Things moved when an overdose epidemic became a public health crisis.
California was the first country to cover the management of unp
In 2021, the states of Montana and Washington began to use the program to a large extent for stimulant use disorder.
In Washington, 24 clinics offer a 12-week program. Preliminary results show that out of more than 200 participants, about 70 percent have been engaged and recorded a decrease in their stimulus of use, according to McDonnell.
Information Morning – Frederickon14:40Clinical examination meth
British Columbia also has several programs to manage unforeseen situations, although very limited.
“It is an important part of the continuity of care for the use of substances,” a spokesman for the Ministry of Health said in a statement.
BC programs are operated by Vancouver Coastal Health and Fraser Health, including a 12-week group consultation program delivered by AIDS Vancouver. Most of them are focused on the use of stimulants.
The need for effective treatment programs has become more urgent in recent years as the crisis of toxic drugs has been deteriorating.
Although Fentanil and other opioids have made titles since 2016 in Canada and North America as a whole, stimulants are also present in the increasing share of the death of an overdose. In Canada, stimulants were found together with Opioids in 64 percent of the death of toxic drugs in 2024.

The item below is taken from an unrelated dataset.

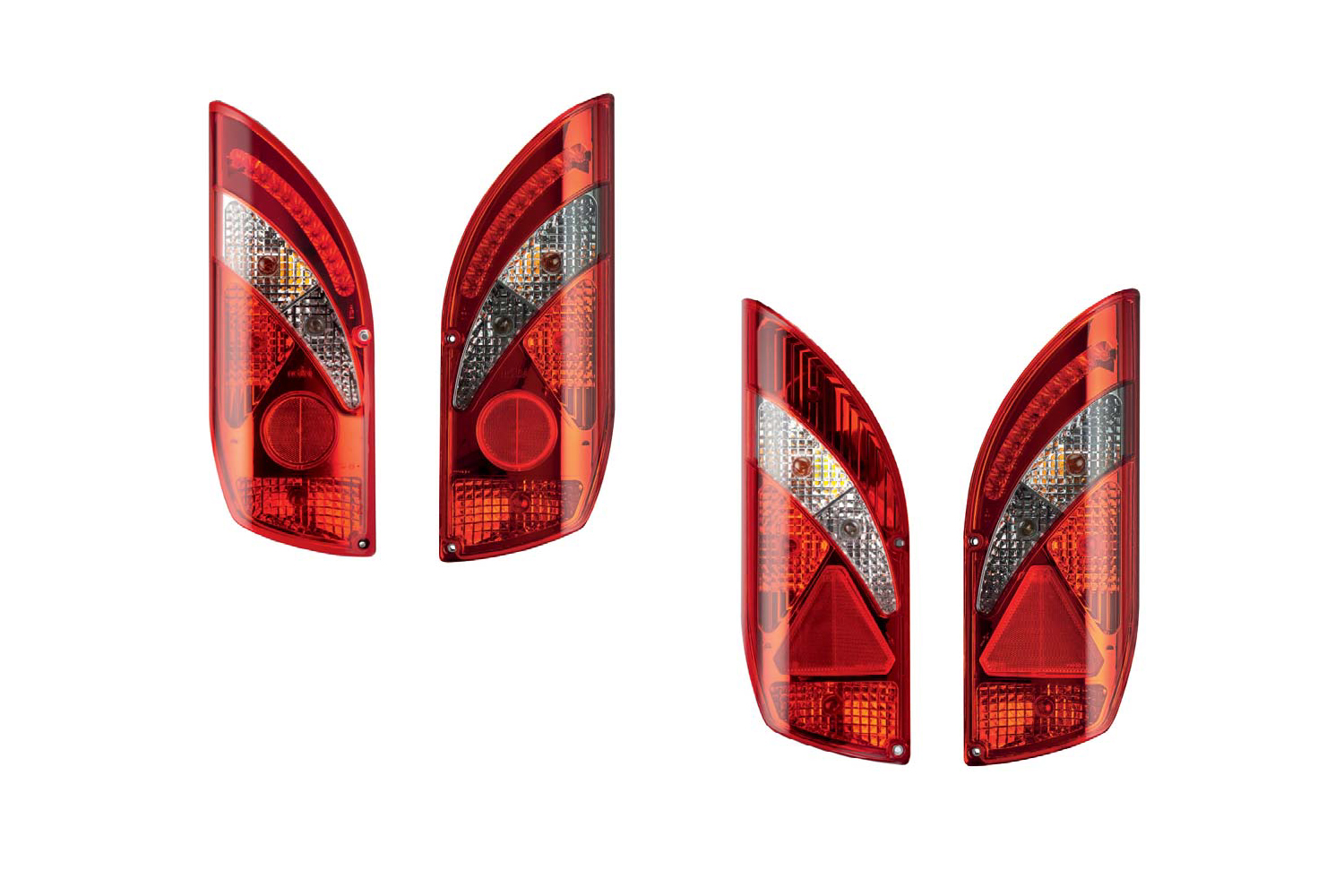 Jokon L3100 Multifunction Tail Light Lamp Dalroad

During the same year, cocaine was detected in 52 percent of toxicological reports on overdose, and methamphetamine was found in 43 percent.

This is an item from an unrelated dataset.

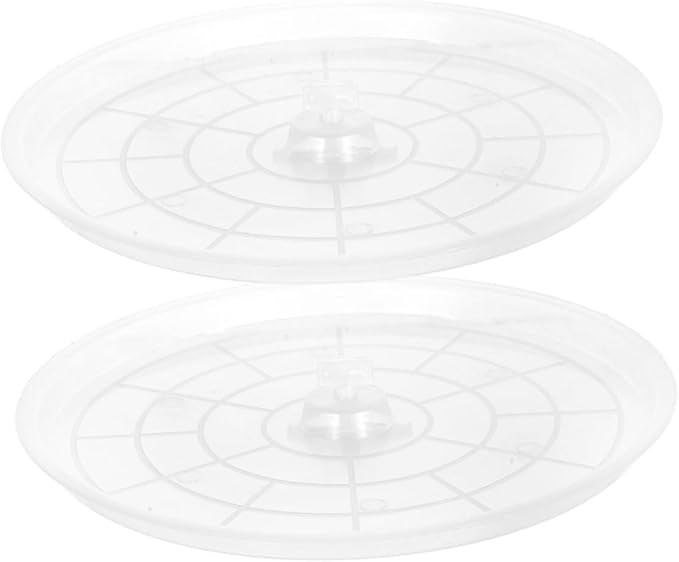 2pcs Transparent Bird Toilet Pan Bird Cage Accessories for Small Animals Bunny Cage Bottom Tray Smooth Surface for Safe Use for Parrots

Bains says that the management of unforeseen situations provides the opportunity to succeed.
“So many programs are all or nothing, you have to be 100 percent sober or you are not successful. This is simply not what is managing in unforeseen situations.”
Bains has also witnessed the pride of some of the 40 participants in the one -year Pilot Plymouth Pilot project.
“I saw him change people. Giving them the opportunity to have $ 20 a week for someone who has no income changes life.”
Trucks are more likely to end
Although it can be thought that financial prizes would not be able to succeed as well as for more voluntary patients, McDonnell says they have proven to be a strong stimulus regardless of income.
“I have doctors, lawyers and other people who are financially well -made, but they really desperately want to stop using their substances … And they are motivated by the idea that they have been rewarded,” the researcher explained.
If nothing else, people who do badly manage to manage unforeseen situations.
“The likelihood is that they will end the program because they have so many other things they deal with,” McDonnell said. And, he added, they can rely on stimulants to be awake for security.
“It’s dangerous to be homeless: someone could come and steal your things, you might be attacked,” McDonnell said.
According to Lester, for six years located in Plymouth, it is more likely to say that the program.
Despite its low income, he says that incentives were less important than the process of responsibility and that someone believes in his success.
“I could tell you that I feel better now than I have ever felt in my life,” he said proudly.